Saturday, September 13, 2014

What is it Worth to You?

When I was first taking courses in Project Management, one of the classes I had signed up for was one on Ethics. After class one day, I asked the instructor: “Can you ever be considered really ethical if you’re not willing to risk your job, and maybe the rest of your working life?” What followed was an uncomfortable silence and an unspoken agreement. We both knew that the answer was, quite likely: “No.” But we also both knew that it was, quite likely, an untenable trade-off.
Expedience
I was reminded of my earlier post while reading “Rape Culture in the Alaskan Wilderness” at The Atlantic. When I wrote it, I was commenting on the fact that accountability has costs for the person(s) who enforce it, and not just the person being held accountable. At the time, I noted that this created a rational incentive for us to avoid holding people accountable. When the costs of holding someone accountable for what we have defined as wrongdoing are greater than the cost of not doing so, it may simply be worthwhile to look the other way.

But in reading the Atlantic article, I realized that I'd left out a facet, one that I'd touched on in the excerpt that I quoted above. Courage.
Geneva’s father demanded that she change her speech for the second round, offering less detail, and less of her personal experience, because people would be jumping to conclusions, wondering who she meant when she said “it’s happening in his house, in her house, even in your own bed.” He feared her words could implicate him.
“Rape Culture in the Alaskan Wilderness”
This is not the only instance of a lack of “courage” in the article, but it was perhaps the first, and one that really stood out for me. As a species, we are not courageous unto death. If we were, there would likely be none of us left. And we understand that, and so we do not often demand it. But where before that is the line drawn? And is there even a line? If I make an ethical choice that turns out to result in perpetual unemployability, then what do I do? How do I support myself? If someone takes me in and gives me food, shelter and clothing, it is wise to bring my ethics with me?
For that reason, family members often blame the victims, or the friends of victims, who attempt to report a crime, out of fear of losing material support, or a vital link in a precarious web of familial structure.
In the end, whether it is rape, murder or simple theft, all crime culture stems from the want of a certain level of courage. The perpetrator lacks the courage to ask permission or do without, and the rest of us lack the courage to suffer the consequences of enforcing our own rules. It’s easy to become outraged when the consequences strike us as trivial. Watching football is enjoyable, certainly, but not so much so that we should condone domestic violence simply to watch one more faceless bruiser suit up. But what should we expect of people? Loss of their livelihoods? Their homes? Their families?

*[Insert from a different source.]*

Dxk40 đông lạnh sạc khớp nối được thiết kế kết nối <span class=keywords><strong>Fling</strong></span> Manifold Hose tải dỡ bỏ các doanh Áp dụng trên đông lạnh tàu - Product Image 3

There is more to courage than simply someone else standing up to things that we cast ourselves of unafraid of or have some confidence that we can overcome. In the end, courage requires a level of detachment from life that allows us to walk away from everything, even life itself, in the name of doing what we understand to be right, even if nothing comes of it but loss on our part. A friend of mine once remarked to me that “If you’re not willing to do whatever it takes to bring about what you believe in, I question your commitment to it.” By that standard, I am uncommitted, because I don’t know that I am ready to be destitute, utterly alone and/or dead in the name of enforcing my primary ethical conviction - that the costs of an action belong to the actor. As such, I am inclined to forgive Geneva’s father. He may be willing to have the message watered down and, in doing so, perhaps see others suffer sexual assault rather than be thought of as a sex offender himself, but his tolerance for risk is his own, and not subject to my approval.

There is a reason why our tolerance for risk is not infinite, regardless of what one thinks of its origins and utility. And, as our courage can never be absolute, despite the stories we tell ourselves, our ethics can never be so, either. And so, ethics become like everything else - worth only what we are willing to pay for them.